The Jewish Power party promotes racist legislation against all non-Jews, calls for the forced removal of Palestinians, and bans intermarriage between Israelis and Arabs. Ironically, it’s not the first time a party advocating such views could enter the Knesset (parliament).
Kahane himself served one term in the 1980s as head of the Kach party before his movement was banned in Israel because of its racist mandate. He was later assassinated in New York by an Egyptian-born American.
So why would Netanyahu court such a controversial party? The answer is simple – for his political survival.
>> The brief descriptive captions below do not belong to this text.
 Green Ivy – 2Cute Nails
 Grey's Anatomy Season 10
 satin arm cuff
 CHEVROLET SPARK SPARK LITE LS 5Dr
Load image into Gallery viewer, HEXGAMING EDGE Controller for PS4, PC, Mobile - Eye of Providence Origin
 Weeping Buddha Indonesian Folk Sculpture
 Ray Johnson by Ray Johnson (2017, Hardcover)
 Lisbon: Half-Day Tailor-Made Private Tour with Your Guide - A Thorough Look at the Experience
Even before his closest competitors, Yair Lapid of Yesh Atid and Benny Gantz of Israel Resilience, announced last week they were merging their parties, Netanyahu had already stated he was joining forces with Jewish Power.
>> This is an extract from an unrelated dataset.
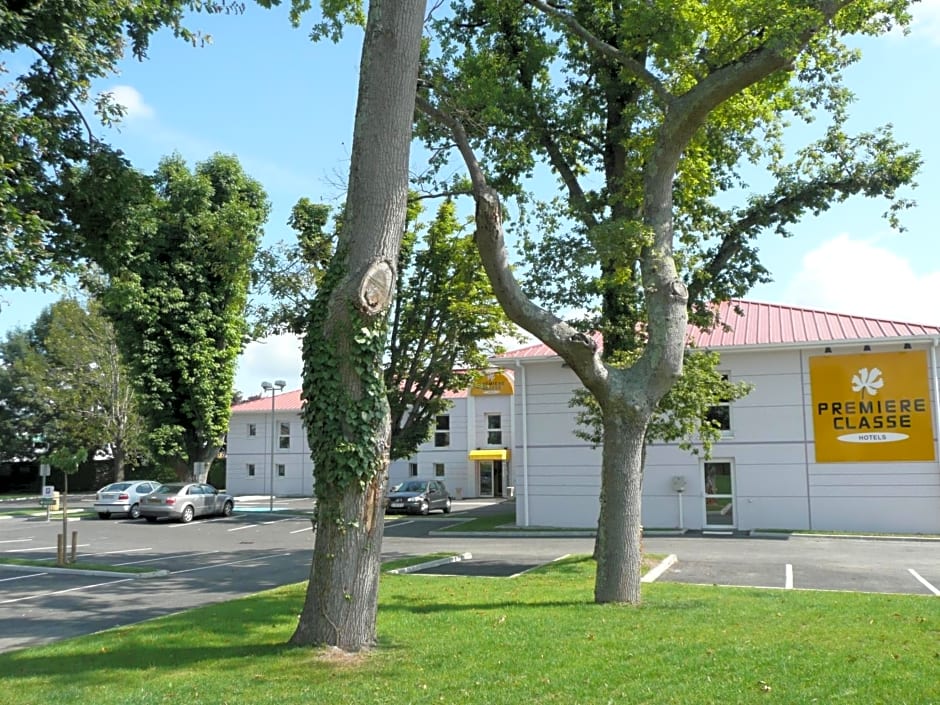 Premiere Classe Pau Bizanos Hotel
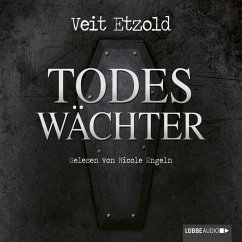 Todeswächter / Clara Vidalis Bd.3 (MP3-Download) - Etzold, Veit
No sooner had he made this announcement, than Lapid and Gantz confirmed they were uniting under the banner of the Blue and White party. They said they were motivated by “national responsibility”, and that their unity arrangement would effect a rotation leadership in which Gantz would serve as prime minister for two and a half years, followed by Lapid.
The latest polls expect the Blue and White party to win 36 seats in the 120-seat Knesset compared to Netanyahu’s Likud winning 31. No wonder then that the prime minister is not taking any chances, and is forging as many alliances as he can. His invitation to bring on board Jewish Power needs to be understood in this context. As long as the party is legal – and it is – it is entitled to exist and compete in a democratic country regardless of how reprehensible its views are to most people.
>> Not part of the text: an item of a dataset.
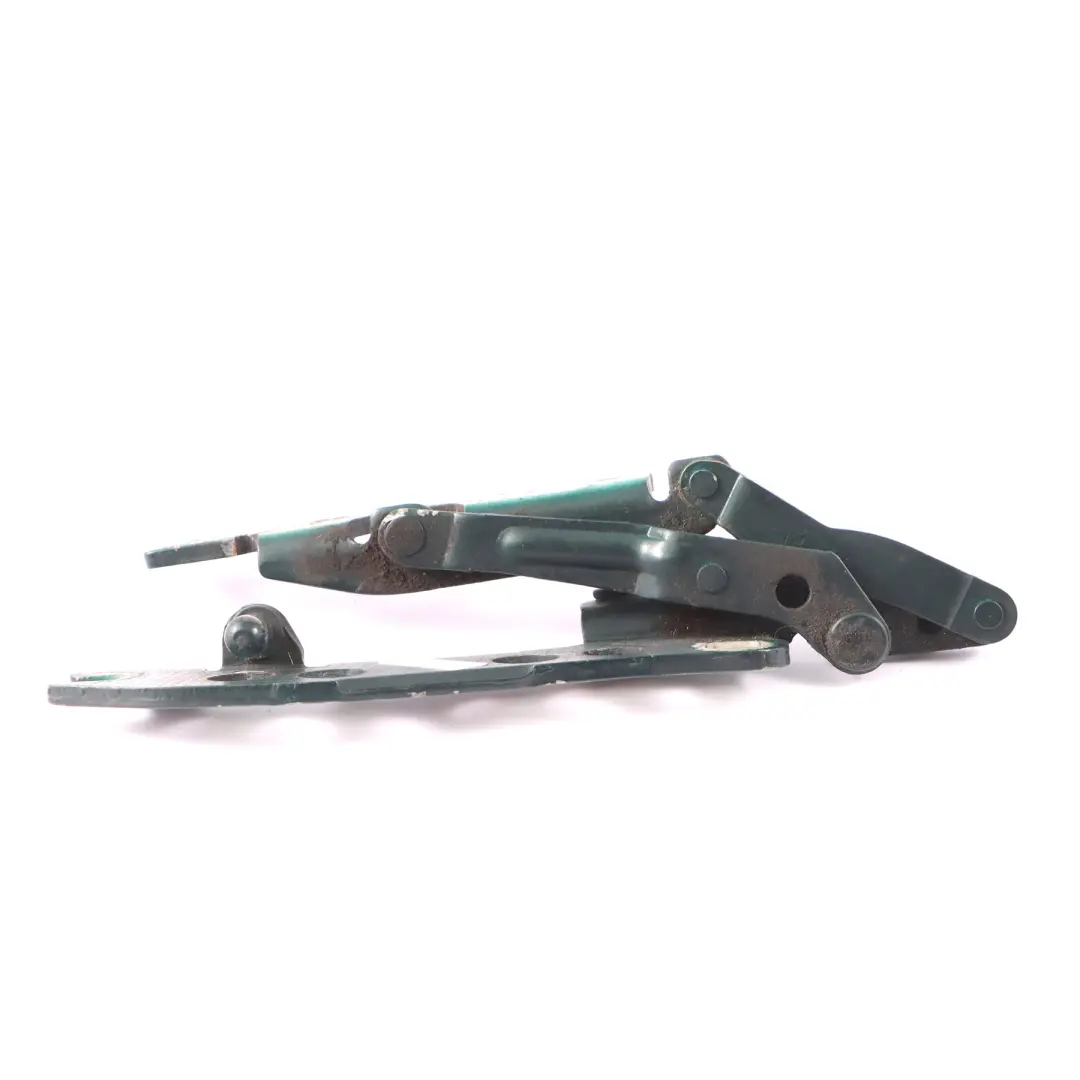 Left N/S Engine Hood Hinge Bonnet Oxford Green Metallic - 430 to BMW E39 with Part number 8203275 BMW E39 Left N/S Engine Hood Hinge Bonnet Oxford Green Metallic - 430 - SKU 8203275-OXF - Part number 8203275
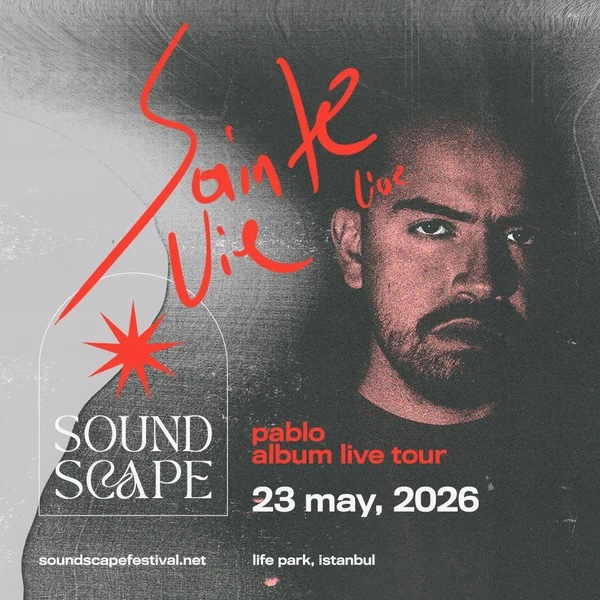 Sainte Vie (Live) – Soundscape Pre-Party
After all, this is the argument upheld by those who praise the fact that at the opposite end of the Israeli political spectrum – on the extreme left – are Arab and Islamist parties. In spite of supporting Israel’s enemies and opposing the country’s existence, their presence is quoted as proof of Israel’s democracy and freedom of speech.
What’s noteworthy is that AJC and AIPAC have never meted out any criticism of these Arab parties. Surely this smacks of double standards? Let’s be fair and criticise both extremes when they push the envelope too far. Or let’s keep mum on both. You cannot criticise the extreme right, and support the existence of the extreme left.
I am no fan of Kahane’s politics, but where was the condemnation from these American groups when Arab Knesset member Hanin Zoabi joined the 2010 Gaza flotilla, called Israeli soldiers “murderers”, praised Palestinians who carried out deadly attacks on Israelis, and met their families in solidarity?
Where was the condemnation when another Arab parliamentarian, Dr Bassel Ghattas, smuggled cell phones and sim cards to convicted Palestinians in prison? Or when Azmi Bishara, also a Knesset member at the time, was caught giving Hezbollah information about where its rockets were falling during the 2006 war between the sides?
Even the most liberal Scandinavian democracies would not allow political parties to call for the destruction of the country which they (supposedly) serve.
Come 9 April, once the ballots are in, Israeli President Reuven Rivlin is mandated to ask the party with the most votes to form the next government. Unless Gantz and Lapid’s Blue and White party can garner a parliamentary majority of 61 seats, it will fail to do so. Its immediate choice of partners is nothing special – a broken-up left-wing, confused centre, and largely anti-Zionist Arab list.
This means that either the Gantz-Lapid camp will have to shift right and merge with Likud and/or other right-wing parties, or Netanyahu might still be tasked with forming the next government even if he doesn’t win first place in the polls.
Gantz and Lapid insist that if the attorney general announces that he intends to indict Netanyahu for corruption, they will not join a government he heads. That said, it’s still early days, and a lot can change.
In the last elections, Jewish Power was only a few thousand votes short of passing the threshold to enter the Knesset. This time around, it looks like it will succeed. And while every democratic country is going to have parties one doesn’t necessarily like, it’s up to the people of Israel and not those living outside her borders to decide who they want sitting in their parliament.